Technical information
- Licensing authority: FCC
- Facility ID: 56145
- Class: A
- ERP: 72 watts
- HAAT: 632 meters (2,073 ft)
- Transmitter coordinates: 36°44′45″N 119°16′58″W﻿ / ﻿36.74583°N 119.28278°W

Links
- Public license information: Public file; LMS;
- Website: kmakfm.com

= KMAK =

KMAK (100.3 FM, "La Unika Mexicana") is an radio station licensed to Orange Cove, California, United States. The station, established in 1990, is owned by founder Richard B. Smith and the license is held by KMAK-FM, LLC, a limited liability company wholly owned by Smith.

KMAK broadcasts a Spanish language Regional Mexican music format branded as "Radio 100.3 La Unika Mexicana" to the greater Fresno metropolitan area. The station had previously broadcast a similar format under the "La Favorita" branding.

==History==
In June 1988, Richard B. Smith applied to the Federal Communications Commission (FCC) for a construction permit to build a new FM radio station. This station would broadcast on 100.3 MHz with 72 watts of effective radiated power from an antenna 632 m in height above average terrain. The FCC granted this permit on March 10, 1989, with a scheduled expiration date of September 10, 1990.

The station was assigned the call sign "KMAK" by the FCC on March 23, 1989. Previously, this call sign had been assigned to Fresno-licensed 1340 AM (now KCBL), which featured now-legendary broadcasters Ron Jacobs and Robert W. Morgan in the mid-1960s, from its launch in 1953 until changing to "KKAM" in August 1988. KMAK Fresno sported a rather unique radio tower, with the call letters K-M-A-K displayed in large, red neon characters on the tower, which was near Fresno and McKinley Streets in the city.

After one extension to its construction permit, the station's broadcast license was granted by the FCC on December 26, 1990. The station's initial programming format was as a simulcast of the Christian programming of Merced-based KAMB (101.5 FM). By the late 2000s, the station had segued to its current Regional Mexican music format.

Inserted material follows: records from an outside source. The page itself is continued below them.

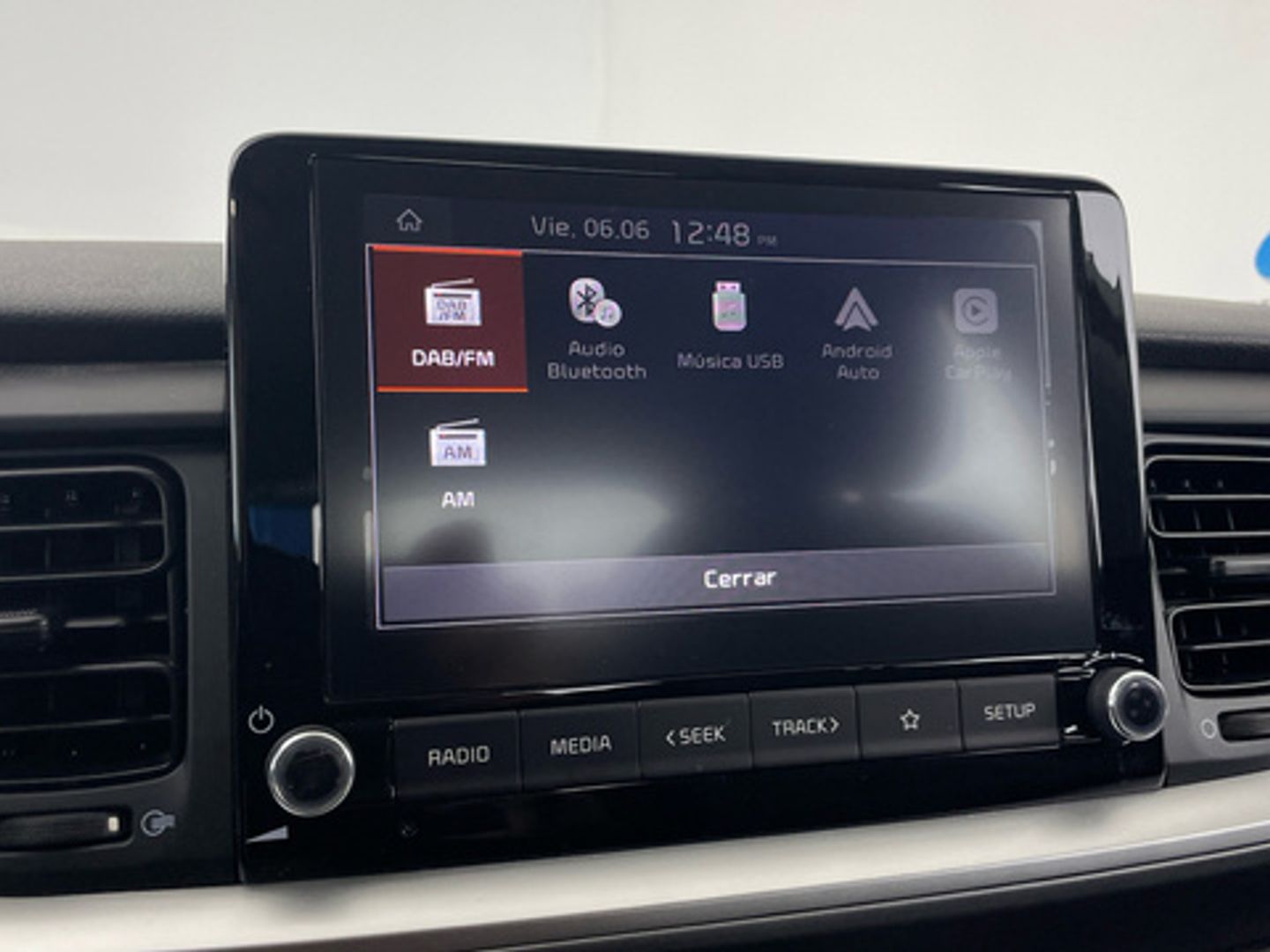 Kia Stonic 1.0 T-GDi MHEV iMT Concept 74 kW (100 CV)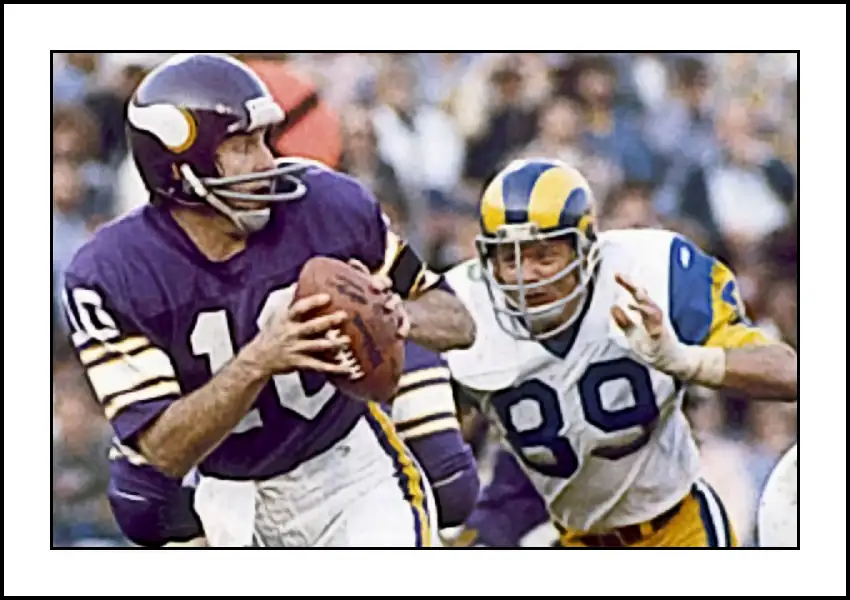 Vintage NFL - Fran Tarkenton Under Pressure from Ram Fred Dryer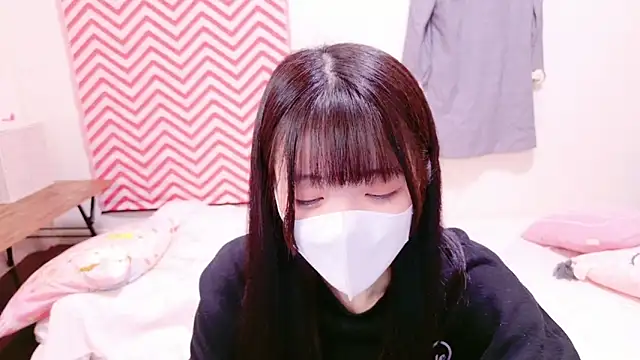 Snapshot of irohani_usagi chatting on 12.18.24 irohani usagi online show from 12.18.24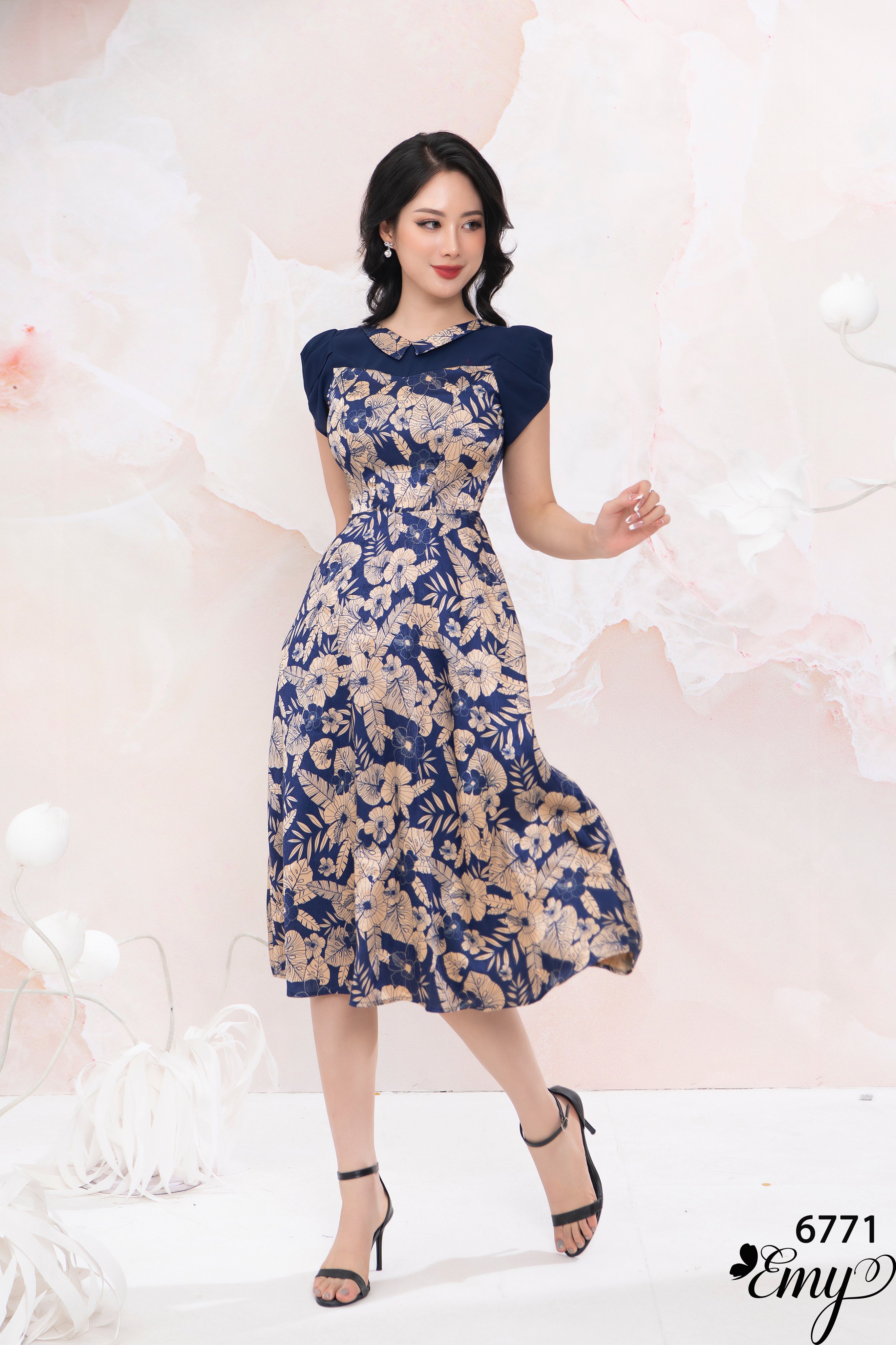 Đầm EMY EM6771 Xoè HT Lá Cổ V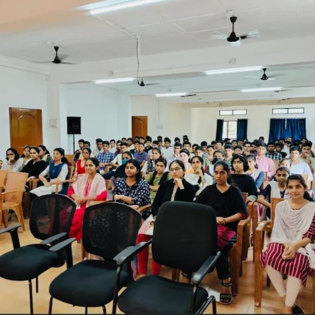 Creative Trisha PU College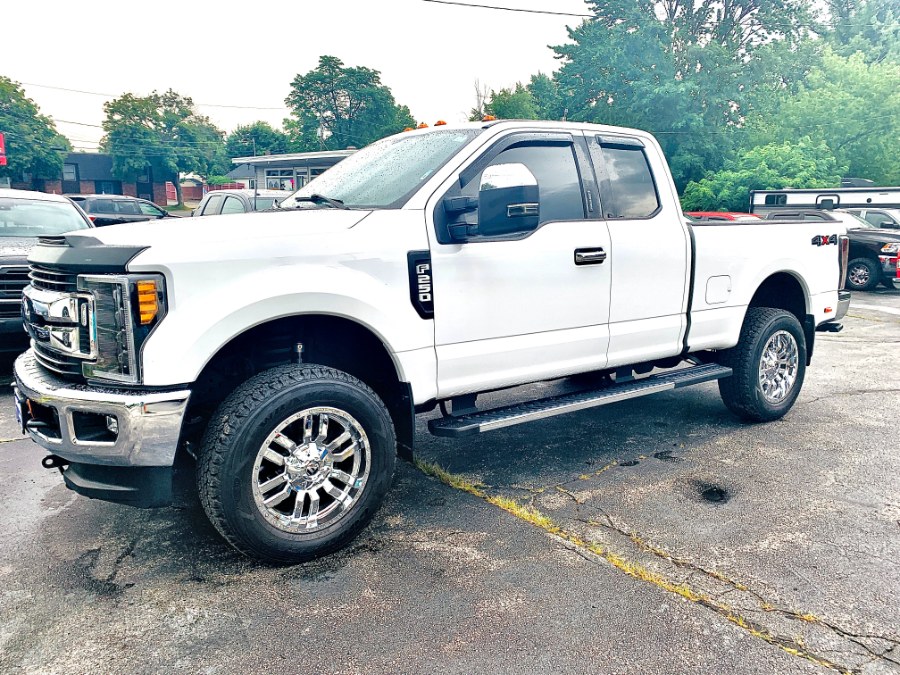 Used Ford Super Duty F-250 SRW XLT 4WD SuperCab 8'' Box 2019 | Second Street Auto Sales Inc. Manchester, New Hampshire Used Ford Super Duty F-250 SRW XLT 4WD SuperCab 8'' Box 2019 | Second Street Auto Sales Inc. Manchester, New Hampshire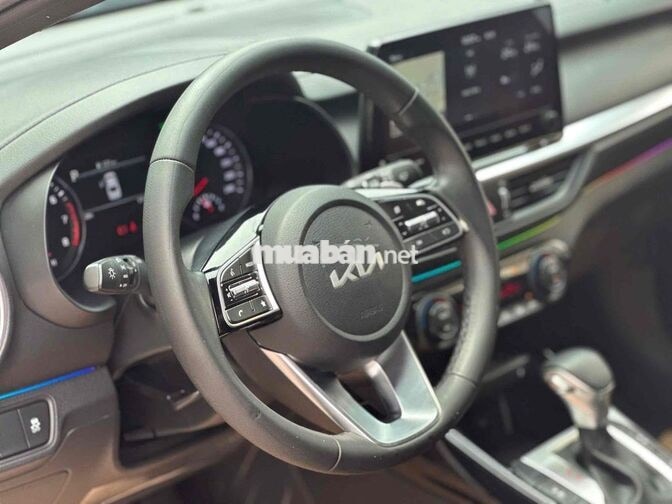 Kia K3 Premium 2024 Trắng 5.000km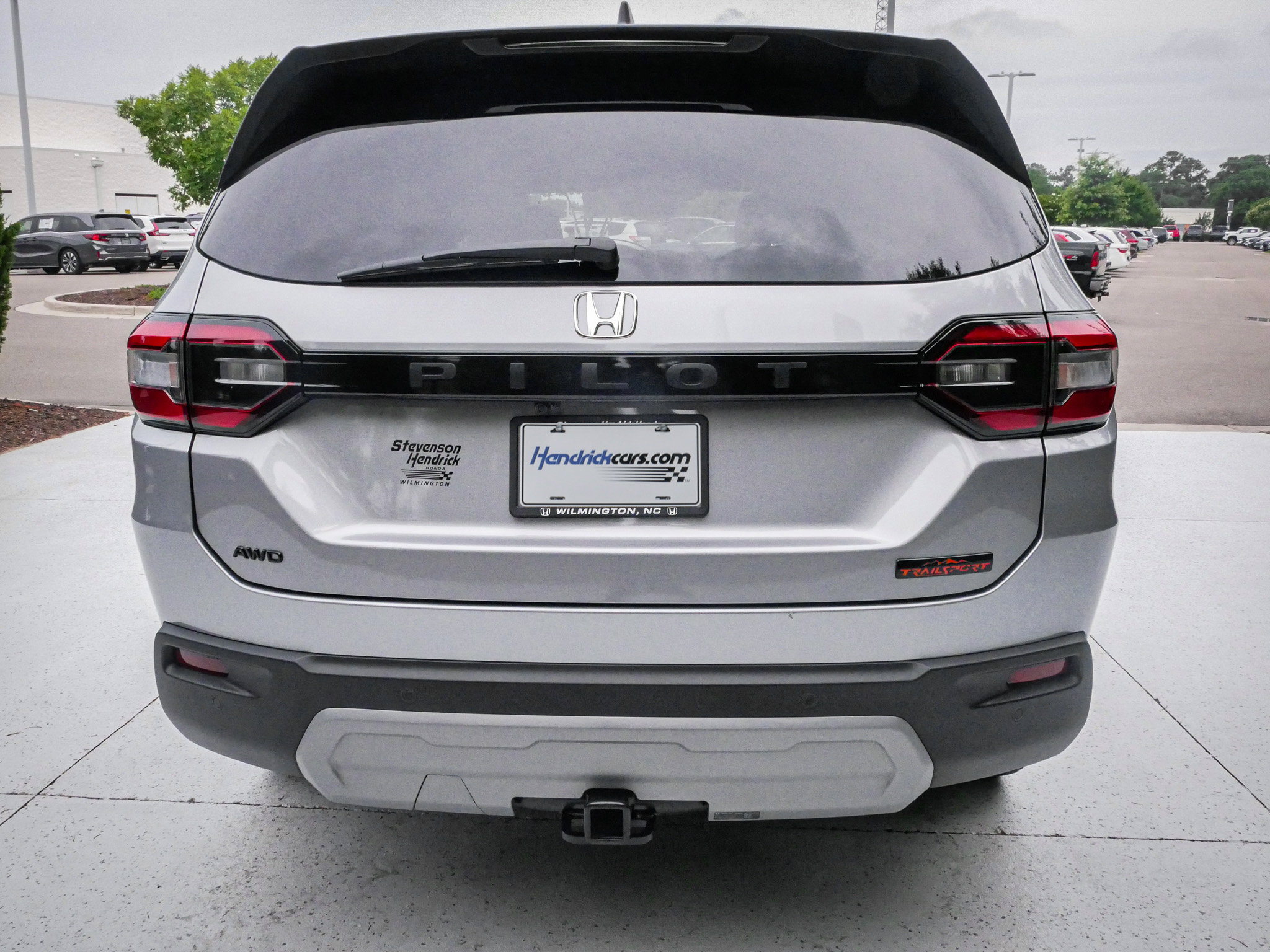 Used 2025 Honda Pilot TrailSport image 9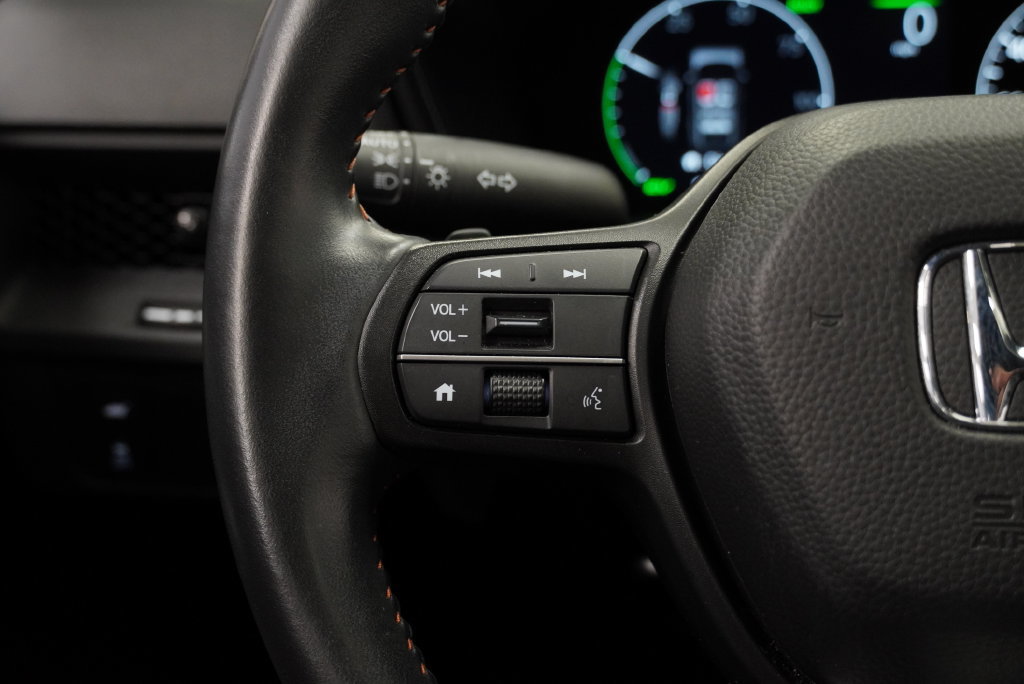 Used 2025 Honda CR-V Sport-L image 35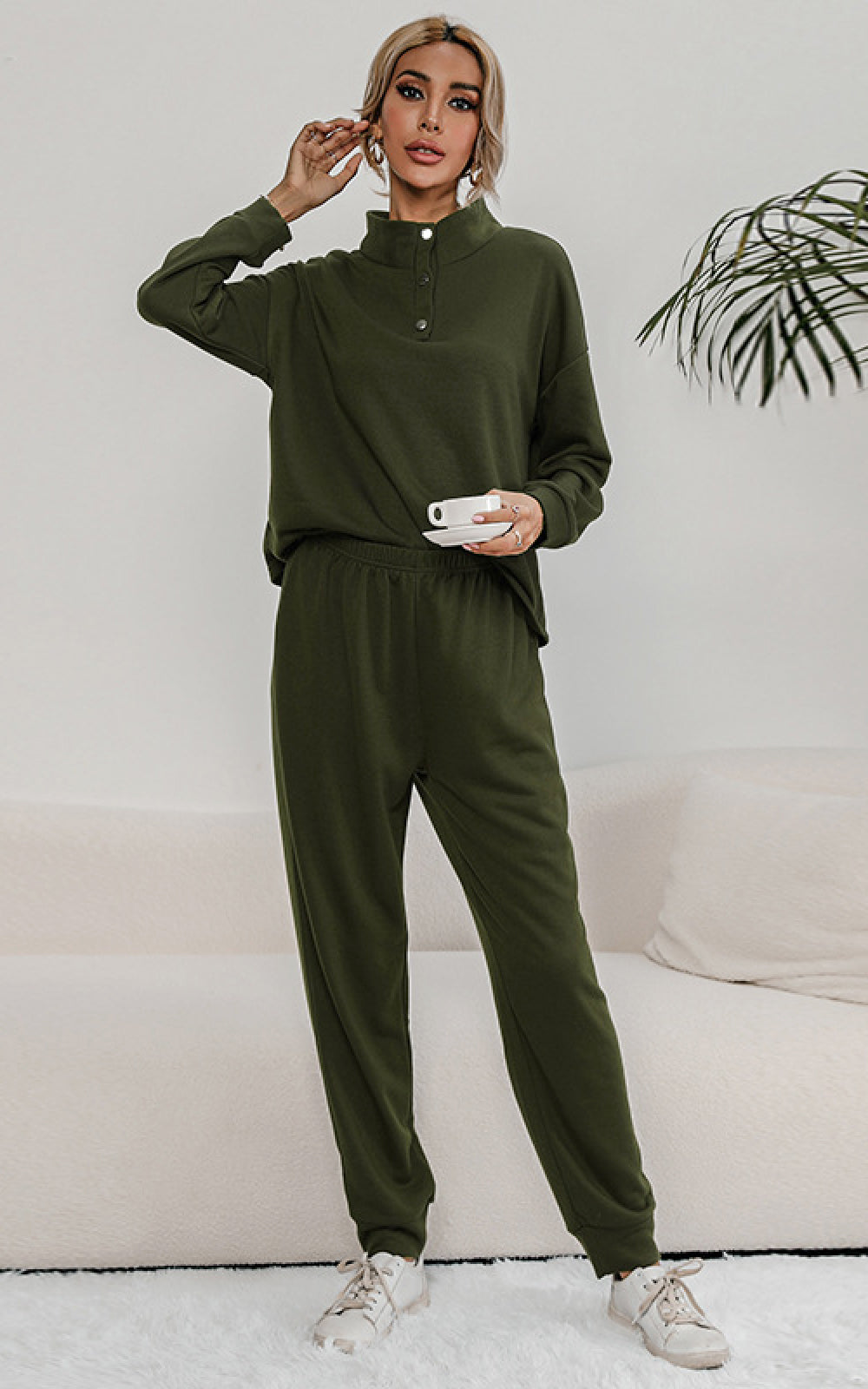 Snap Collar Lounge Set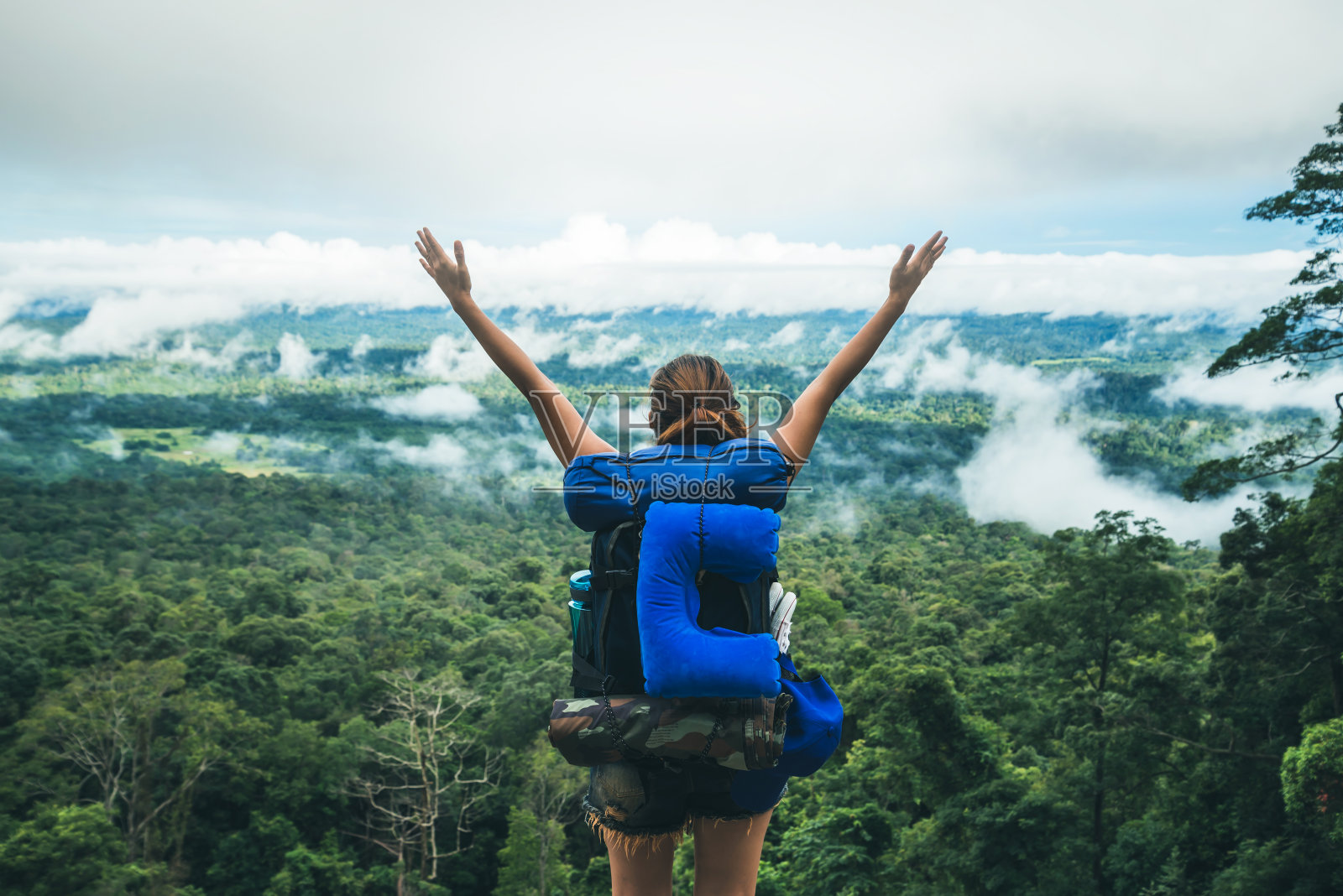亚洲女性在泰国山区度假放松身心照片摄影图片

In May 2010, license holder Richard B. Smith applied to the FCC to transfer control of KMAK's broadcast license to KMAK-FM, LLC, a new limited liability company wholly owned by Smith. The FCC accepted this application on May 6, 2010, and approved the transfer on May 14, 2010. After resolving some paperwork in establishing the new company, Smith formally consummated the transfer on July 14, 2010.